Assume that our model of student midterm scores is the following linear model.

$$ scores_i = \beta_0 + \beta_1 hours_i + \beta_2 ch\_ny_i + \varepsilon_i \quad\text{where}\quad \varepsilon_i\sim N(0,\sigma) $$

where the error $\varepsilon_i$ are normally distributed with mean 0 and standard deviation $\sigma$.

## 2a) Log likelihood function [3 points]
Define a function named `log_lik` that takes as inputs three data vectors $scores_i$, $hours_i$, $ch\_ny_i$, three coefficient parameters $\beta_0$, $\beta_1$, $\beta_2$, and the standard deviation $\sigma$ of the normally distributed errors and returns the log likelihood (a scalar). Print the log likelihood value for the first 10 data observations given all the coefficients are equal to one $\beta_0, \beta_1, \beta_2=1.0$ and the standard deviation of the errors is equal to $\sigma=0.5$. For the answer to this question, I want to see a function and one scalar log-likelihood value.

In [6]:
'''
From the model provided above, we know that the errors are distributed normally with mean 0 and std sigma
Thus, rearranging, we can see

    scores - b0 - b1*hours - b2*ch_ny = error ~ N(0, sig)
'''

# Observe the max score
# print(scores.max())

# Import dependencies
from scipy.stats import norm


def log_lik (scores, hours, ch_ny, b0, b1, b2, sig):
    
    
    # Create my epsilon errors
    epsilons = scores - b0 - b1*hours - b2*ch_ny
    normal_densities = norm.pdf(epsilons, 0, sig)
    ln_densities = np.log(normal_densities)
    log_likeli = np.sum(ln_densities)
    
    return(log_likeli)

print(log_lik(scores[:10], hours[:10], ch_ny[:10], 1., 1., 1., 0.5))

-186.8990404522523


## 2b) Estimate the parameters by MLE [7 points]
Estimate the four parameters $\beta_0, \beta_1, \beta_2, \sigma$ to maximize the log likelihood from part (a). Remember that a minimizer will have to minimize the negative of the log likelihood. Use all 97 observations for this estimation. Use an initial guess of $\beta_0=10.0$, $\beta_1=1.0$, $\beta_2=1.0$, and $\sigma=$ the standard deviation of the $scores_i$ variable. Report your estimated coefficients $\beta_0, \beta_1, \beta_2$ and standard deviation $\sigma$. What is the predicted effect on a midterm score of a student who takes the test around Chineses New Year $ch\_ny_i=1$ versus the score of a student who does not take the test around Chinese New year $ch\_ny_i=0$, other things being equal?

In [7]:
# Import dependencies

from scipy import optimize as opt

# So I've already gotten the log-likelihood. Normally, we wish to maximize this guy, but it's apparently easier to 
# minimize. Thus, we need to appeal to the dual of the optmization problem


def objective_(params, *args):
    b0, b1, b2, sig = params
    score, hour, cn = args
    return(-log_lik(score, hour, cn, b0, b1, b2, sig))
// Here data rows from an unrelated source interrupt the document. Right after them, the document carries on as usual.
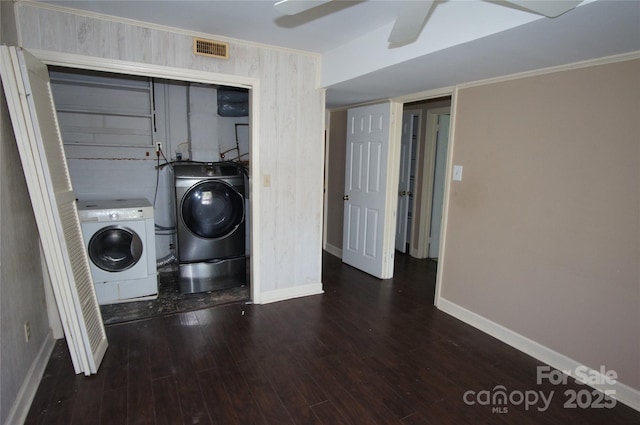 washroom with baseboards, washing machine and dryer, and visible vents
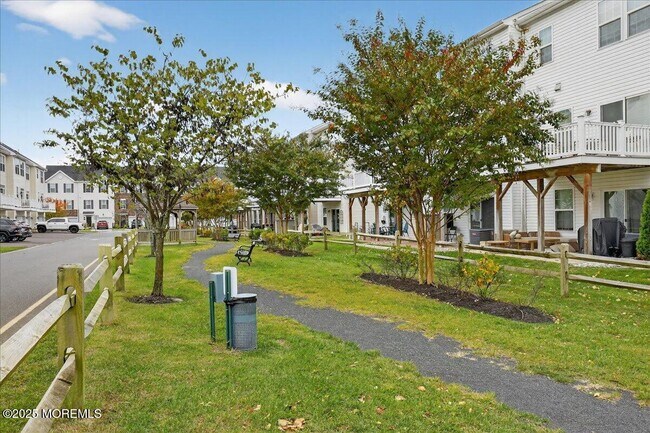 Building Photo - 107 Celebration Blvd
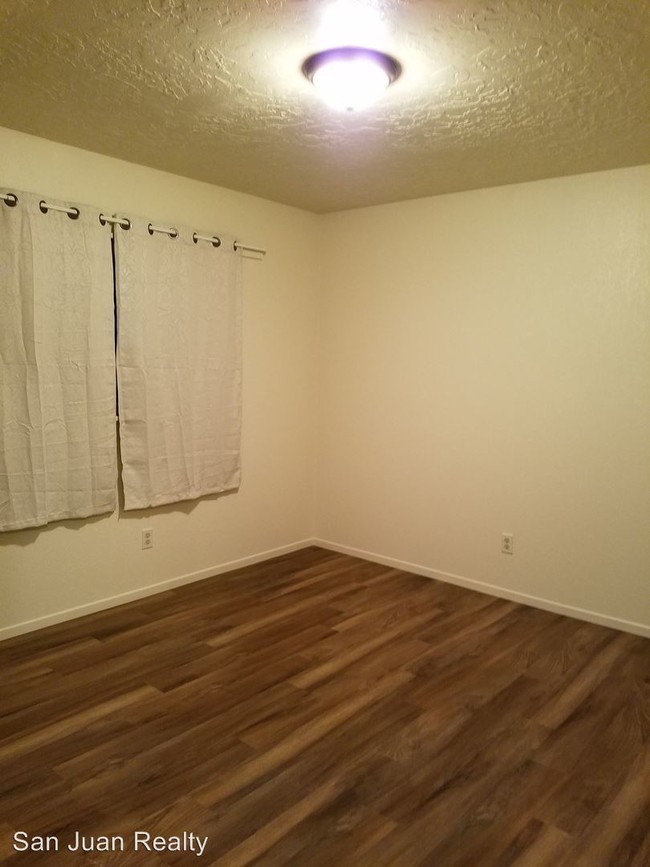 Building Photo - 2 br, 1 bath Apartment - 516 E 18th Street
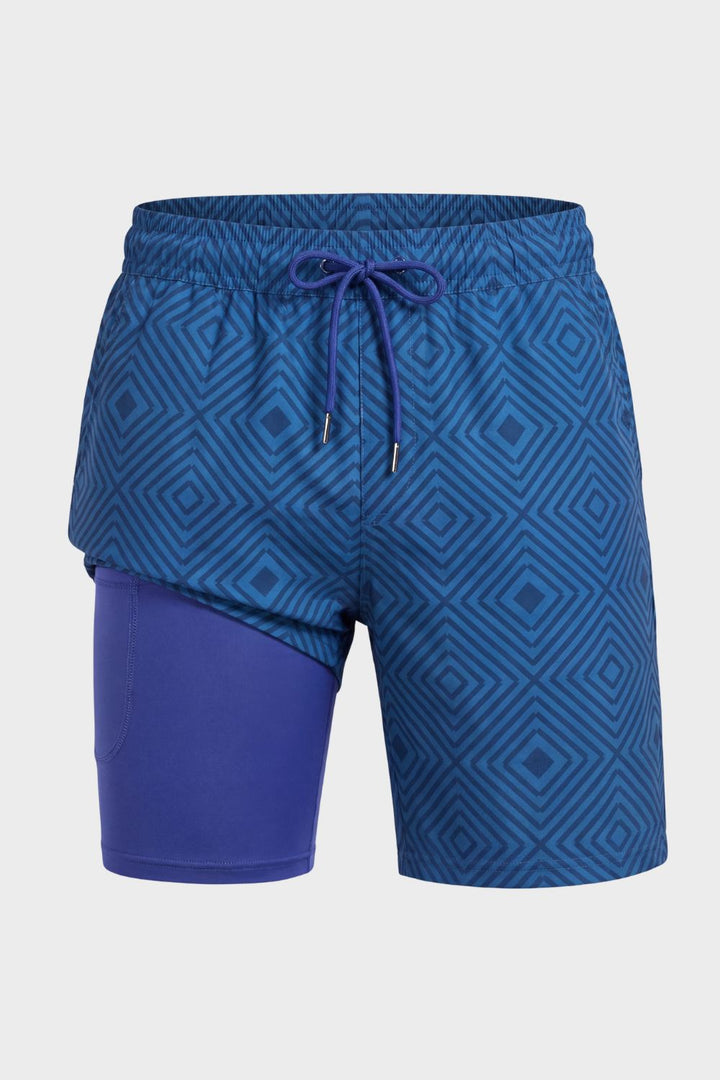 Herren Strandmode: Schnelltrocknende Badehose mit lebhaftem tropischem Palmenmuster.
# # Testing the function that Dr.Evans gave us
# test_sample = np.array(scipy.stats.norm.rvs(loc=0, scale=2, size=500000))
# print(test_sample.var())
# # Close enough. But array.std gives me the stdev instead of variance. so i'll go with std


arguments = (scores, hours, ch_ny)
params_init = (10., 1., 1., scores.std())

results_uncstr = opt.minimize(objective_, params_init, arguments)

print(results_uncstr.message)


list_param = ['beta0', 'beta1', 'beta2', 'sigma']
for ind in range(len(results_uncstr.x)):
    print("The MLE estimator for %s is %0.3f." %(list_param[ind], results_uncstr.x[ind]))
    
    
# Update my the regression using the proper coefficients
b0, b1, b2, sig = results_uncstr.x
print("-------------")
print("The regression: ")
print("score = %0.3f + %0.3f * hours + %0.3f * ch_ny + error"%(b0, b1, b2))

Optimization terminated successfully.
The MLE estimator for beta0 is 4.750.
The MLE estimator for beta1 is 0.716.
The MLE estimator for beta2 is -1.891.
The MLE estimator for sigma is 0.653.
-------------
The regression: 
score = 4.750 + 0.716 * hours + -1.891 * ch_ny + error


From the above equation, we see that if it is Chinese New Year (ch_ny=1), we'd see a drop in 1.89 points for the student's scores. In input[6], I observed the maximum score for the dataset, it returned 19.32...Thus, it's logical to assume that the maximum score for the midterm was 20. Thus, a 1.89 drop in the scores is a decrease of 9.45%. That's quite significant.